Professional reaction: This book is utterly unlike the other novels on my syllabus, and yet deliberately and intricately engaged with them and what they represent and investigate (I realized that all by myself, even before I read through this smart critical essay). You could say that it offers a philosophical and theoretical as well as literary response to the rest of the syllabus. In its own way, it takes the metaphysical premises and literary conventions of detective fiction more seriously than any of the other assigned works–and, again in its own, postmodern, self-conscious way, does more with them (or should I say, to them?). Pedagogically, I can certainly see the case for teaching it, and I’m sure I and my students would learn from the experience.

So here’s where I’m left for now: I hate the novel, I’d be happy never to read it again, it’s everything I don’t like about postmodern fiction (and theory)…but it just might be the right book for my course, and assuming I can learn to engage with the novel intellectually, my visceral dislike of it will either be rendered irrelevant or even subside. Maybe.


* Update: This review of Auster’s recent Man in the Dark over at the TLS tells me mine is not a wholly idiosyncratic response to Auster: “for the first time, perhaps, in an Auster novel the heart is more important than the head.”

2 thoughts on “Paul Auster, City of Glass

  1. Bill from PA March 9, 2016 / 2:42 pm

    I should have checked the archives for an Auster entry before making my comment on his work as “anti-detective”. My reaction to City of Glass was some combination of your two reactions. At the time I read it, I had probably read more post-modern fiction than I had detective fiction, so I was perhaps more indulgent of its mind-games. Knowing it was the first of a trilogy, I also went on to read Ghosts and The Locked Room, partly in the hope that the trilogy as a whole might eventually bow to the convention that the detective solves the case and that there might be some sort of wider resolution. Spoiler alert, they work to more-or-less the same formula, beginning with a classic detective story set-up but ending up engaging in abstract and ultimately unresolvable issues.

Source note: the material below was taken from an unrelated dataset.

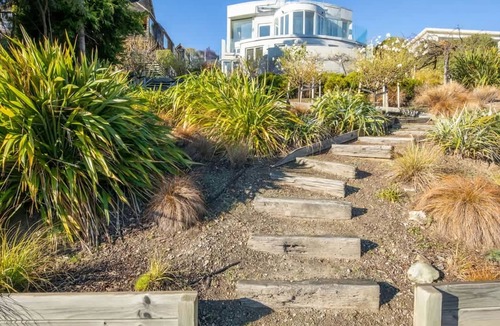Kelvin Heights Apartment | Lakeside Escape - A peaceful Kelvin Heights retreat overlooking Lake Wakatipu.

    • Rohan Maitzen March 9, 2016 / 4:42 pm

      Goodness, 2008 seems a long time ago! I assigned it maybe three times before I got tired of it. It worked well for all the reasons I suggested in this post, but my own dislike of its trickery never really got better. I am glad to know that I’m not missing something by not finishing the trilogy.

      A few years after this post, and after dropping Auster from the syllabus, I added Walter Mosley’s Devil in a Blue Dress to the course, a book which I also really disliked on first reading but now quite admire. It too challenges some of the certainties and tropes of the genre, but does so in the interests of social and racial justice, not mind-games, which appeals to me much more.